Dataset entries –
..............................
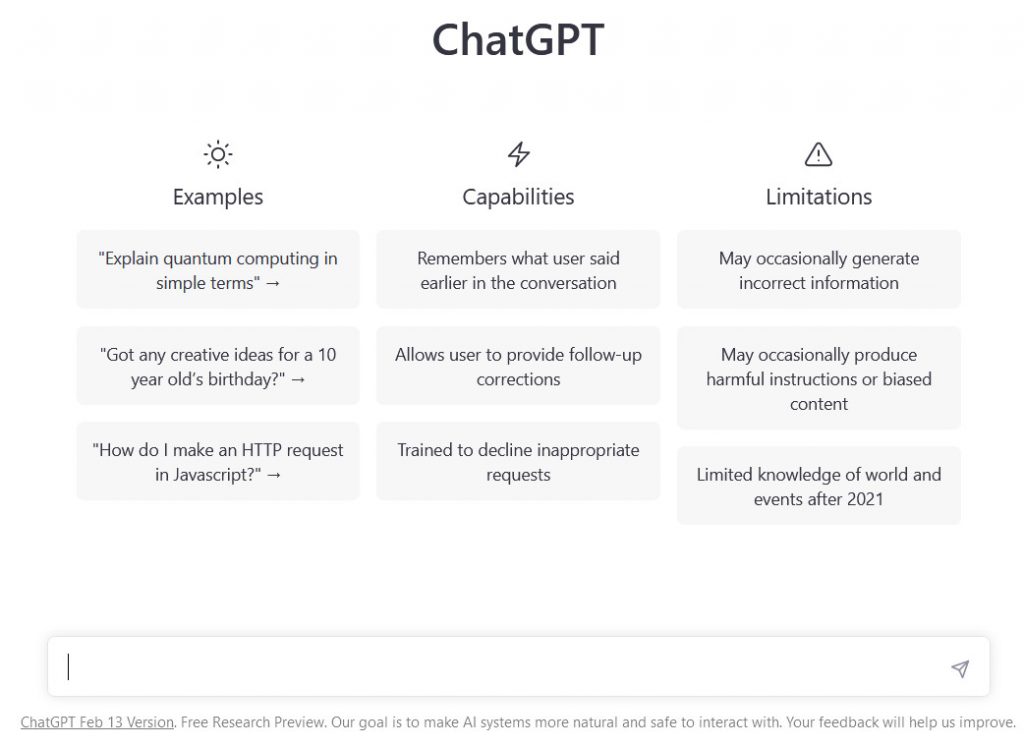 Como usar o ChatGPT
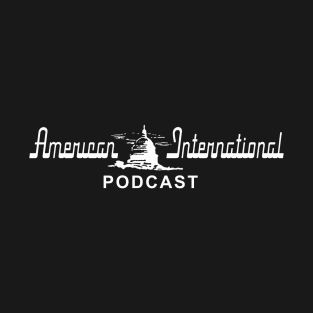 American International Podcast Logo T-Shirt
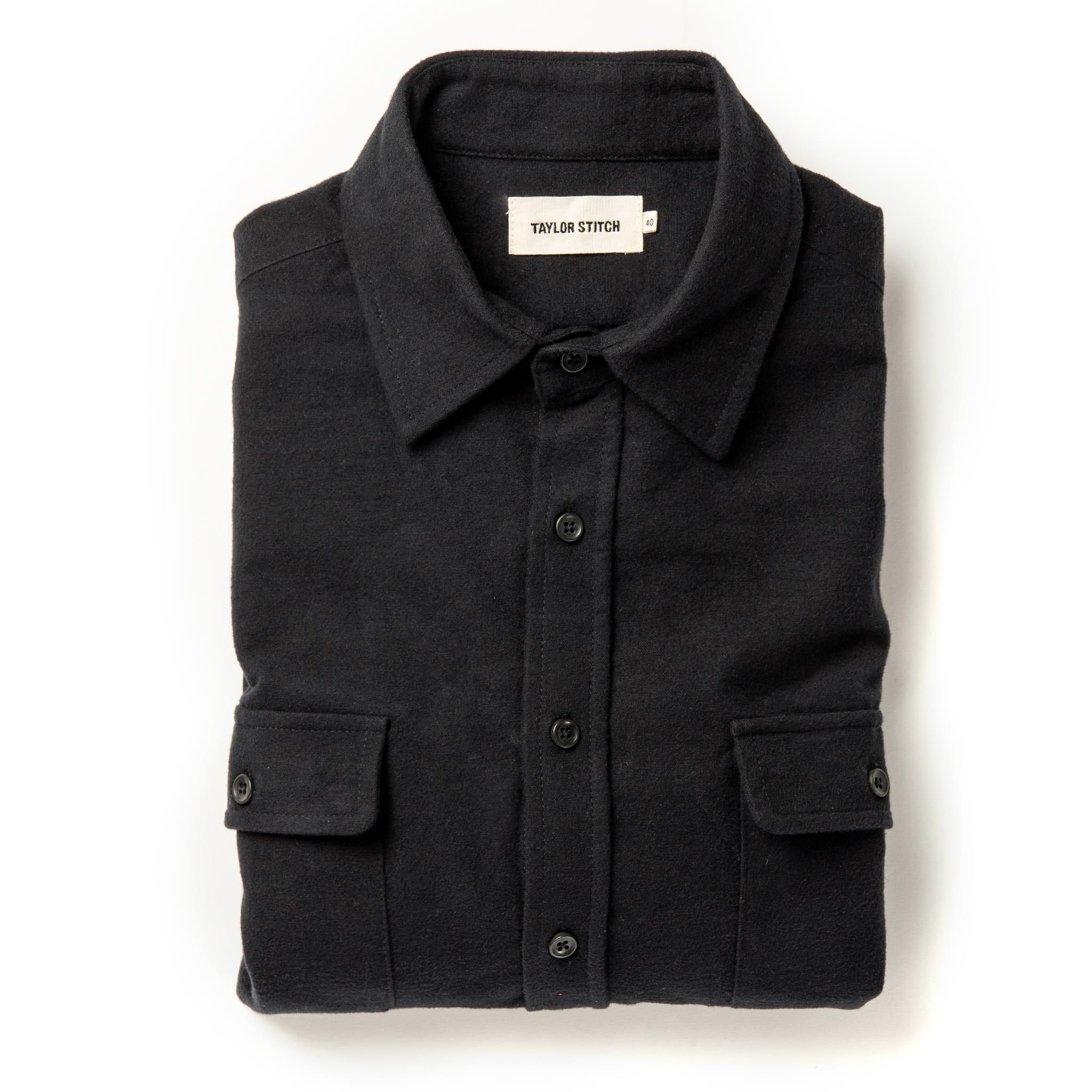 The Yosemite Shirt in Black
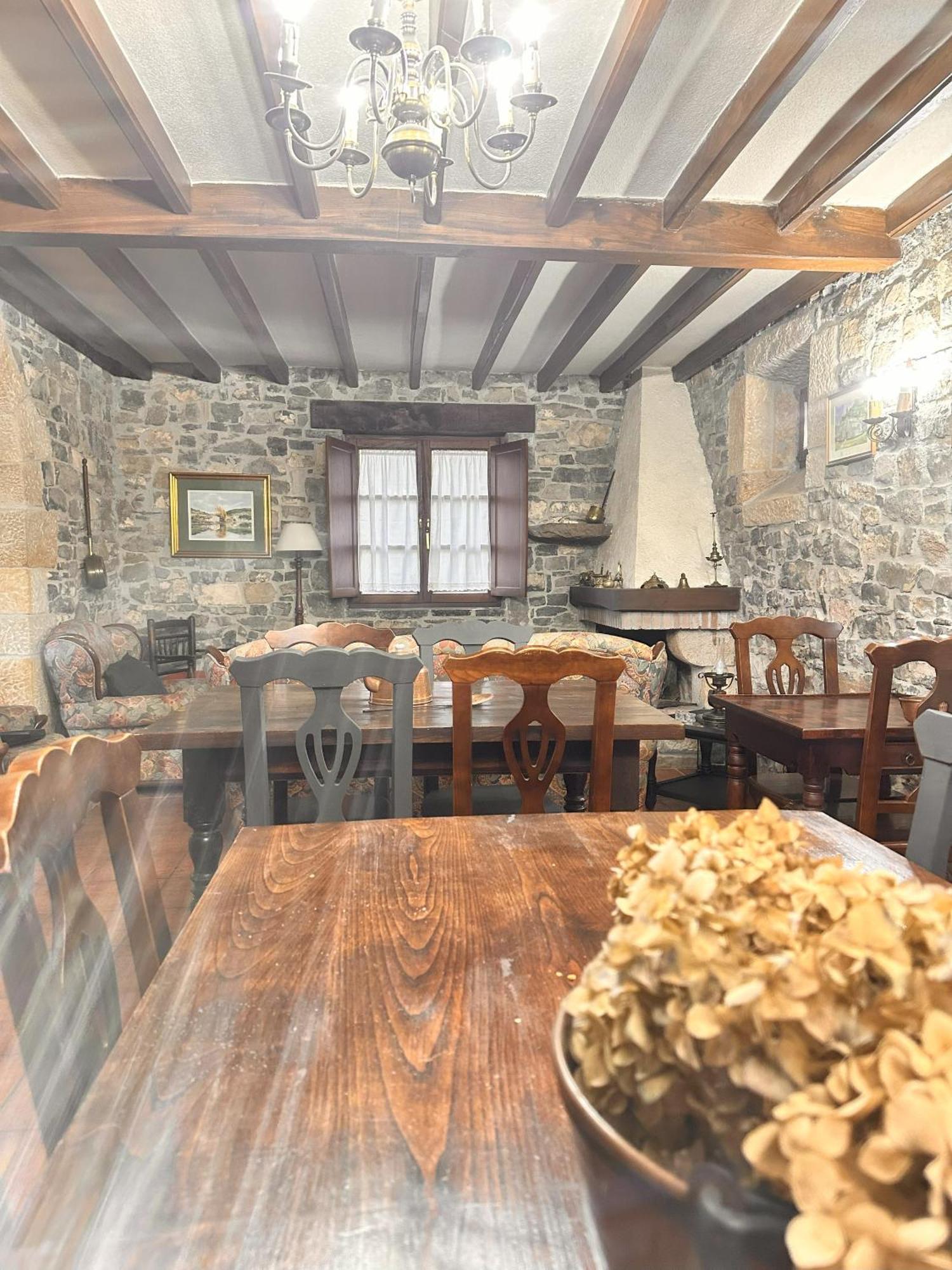 La Nozal De La Pena Guest House Villaviciosa  Bagian luar foto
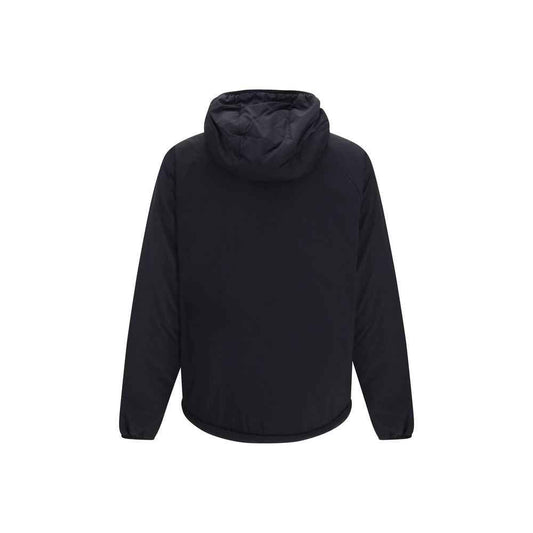 Black Nylon Shell Jacket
..............................
About this task –
Repeat each entry exactly. Pictures do not belong in the copy.

The answer –
 Como usar o ChatGPT
 American International Podcast Logo T-Shirt
 The Yosemite Shirt in Black
 La Nozal De La Pena Guest House Villaviciosa  Bagian luar foto
 Black Nylon Shell Jacket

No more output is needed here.